Data entries
• • •
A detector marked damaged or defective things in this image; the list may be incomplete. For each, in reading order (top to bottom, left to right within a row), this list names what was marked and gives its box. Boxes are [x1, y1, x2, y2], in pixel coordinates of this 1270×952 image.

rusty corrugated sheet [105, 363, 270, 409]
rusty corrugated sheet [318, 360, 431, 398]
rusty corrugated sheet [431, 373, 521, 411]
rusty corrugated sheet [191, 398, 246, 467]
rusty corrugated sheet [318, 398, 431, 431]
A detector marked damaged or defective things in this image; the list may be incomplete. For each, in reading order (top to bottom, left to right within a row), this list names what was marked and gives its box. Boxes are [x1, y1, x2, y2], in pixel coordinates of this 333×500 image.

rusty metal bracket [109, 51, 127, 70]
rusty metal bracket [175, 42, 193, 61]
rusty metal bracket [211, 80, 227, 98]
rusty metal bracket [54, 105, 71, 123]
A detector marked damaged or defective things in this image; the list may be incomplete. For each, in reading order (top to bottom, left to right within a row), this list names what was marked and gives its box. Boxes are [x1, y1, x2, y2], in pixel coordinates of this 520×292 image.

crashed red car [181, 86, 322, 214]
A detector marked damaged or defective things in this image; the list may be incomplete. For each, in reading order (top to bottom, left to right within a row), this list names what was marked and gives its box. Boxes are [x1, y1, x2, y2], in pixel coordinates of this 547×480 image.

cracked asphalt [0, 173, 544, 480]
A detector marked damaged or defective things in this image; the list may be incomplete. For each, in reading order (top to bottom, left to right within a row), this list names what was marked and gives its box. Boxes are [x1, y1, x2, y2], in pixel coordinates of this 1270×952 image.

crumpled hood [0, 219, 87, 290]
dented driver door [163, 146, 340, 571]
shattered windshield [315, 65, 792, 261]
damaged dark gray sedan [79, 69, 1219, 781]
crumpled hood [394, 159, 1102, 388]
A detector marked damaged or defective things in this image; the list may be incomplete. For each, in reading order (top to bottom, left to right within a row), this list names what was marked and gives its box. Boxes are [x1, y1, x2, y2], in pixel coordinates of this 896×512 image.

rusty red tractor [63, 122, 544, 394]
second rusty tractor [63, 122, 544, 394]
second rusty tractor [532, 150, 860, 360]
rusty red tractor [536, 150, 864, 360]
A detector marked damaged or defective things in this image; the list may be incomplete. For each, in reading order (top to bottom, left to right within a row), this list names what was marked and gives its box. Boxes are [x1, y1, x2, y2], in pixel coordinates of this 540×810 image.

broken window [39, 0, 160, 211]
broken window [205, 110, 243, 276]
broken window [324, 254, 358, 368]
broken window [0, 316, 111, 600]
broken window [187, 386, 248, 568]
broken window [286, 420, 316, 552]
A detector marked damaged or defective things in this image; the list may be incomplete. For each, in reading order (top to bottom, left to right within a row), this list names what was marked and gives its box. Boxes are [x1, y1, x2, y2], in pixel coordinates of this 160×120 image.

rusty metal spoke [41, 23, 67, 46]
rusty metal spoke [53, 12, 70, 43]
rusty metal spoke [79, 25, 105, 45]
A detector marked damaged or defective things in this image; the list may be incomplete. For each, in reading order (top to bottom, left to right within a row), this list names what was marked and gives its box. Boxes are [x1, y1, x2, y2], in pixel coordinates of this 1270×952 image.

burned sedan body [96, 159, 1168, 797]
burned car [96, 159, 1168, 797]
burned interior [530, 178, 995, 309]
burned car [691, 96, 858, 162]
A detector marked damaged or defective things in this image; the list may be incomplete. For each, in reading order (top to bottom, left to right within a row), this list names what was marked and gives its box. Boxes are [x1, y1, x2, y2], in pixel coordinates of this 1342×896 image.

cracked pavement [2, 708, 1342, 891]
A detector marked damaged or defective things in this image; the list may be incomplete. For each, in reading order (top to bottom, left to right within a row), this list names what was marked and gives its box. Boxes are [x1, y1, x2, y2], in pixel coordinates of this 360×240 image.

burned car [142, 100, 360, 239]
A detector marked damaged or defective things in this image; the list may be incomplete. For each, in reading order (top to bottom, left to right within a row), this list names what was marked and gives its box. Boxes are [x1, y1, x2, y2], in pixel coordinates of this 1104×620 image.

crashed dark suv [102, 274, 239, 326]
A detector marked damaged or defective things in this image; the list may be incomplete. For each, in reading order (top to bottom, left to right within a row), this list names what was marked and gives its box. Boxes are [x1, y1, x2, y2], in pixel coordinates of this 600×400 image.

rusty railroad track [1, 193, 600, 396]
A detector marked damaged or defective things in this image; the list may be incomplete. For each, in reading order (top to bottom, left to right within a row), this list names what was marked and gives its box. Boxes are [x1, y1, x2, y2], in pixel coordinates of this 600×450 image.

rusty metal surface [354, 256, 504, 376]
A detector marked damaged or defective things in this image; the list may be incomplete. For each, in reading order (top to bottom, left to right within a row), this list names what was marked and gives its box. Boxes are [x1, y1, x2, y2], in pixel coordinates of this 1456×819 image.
• • •
• **What the task asks**
Retype, without changes, the lines from the line holding "this 600×450 image." to the end of the data, both ends included.

• **Task answer**
A detector marked damaged or defective things in this image; the list may be incomplete. For each, in reading order (top to bottom, left to right within a row), this list names what was marked and gives its box. Boxes are [x1, y1, x2, y2], in pixel coordinates of this 600×450 image.

rusty metal surface [354, 256, 504, 376]
A detector marked damaged or defective things in this image; the list may be incomplete. For each, in reading order (top to bottom, left to right within a row), this list names what was marked and gives its box. Boxes are [x1, y1, x2, y2], in pixel coordinates of this 1456×819 image.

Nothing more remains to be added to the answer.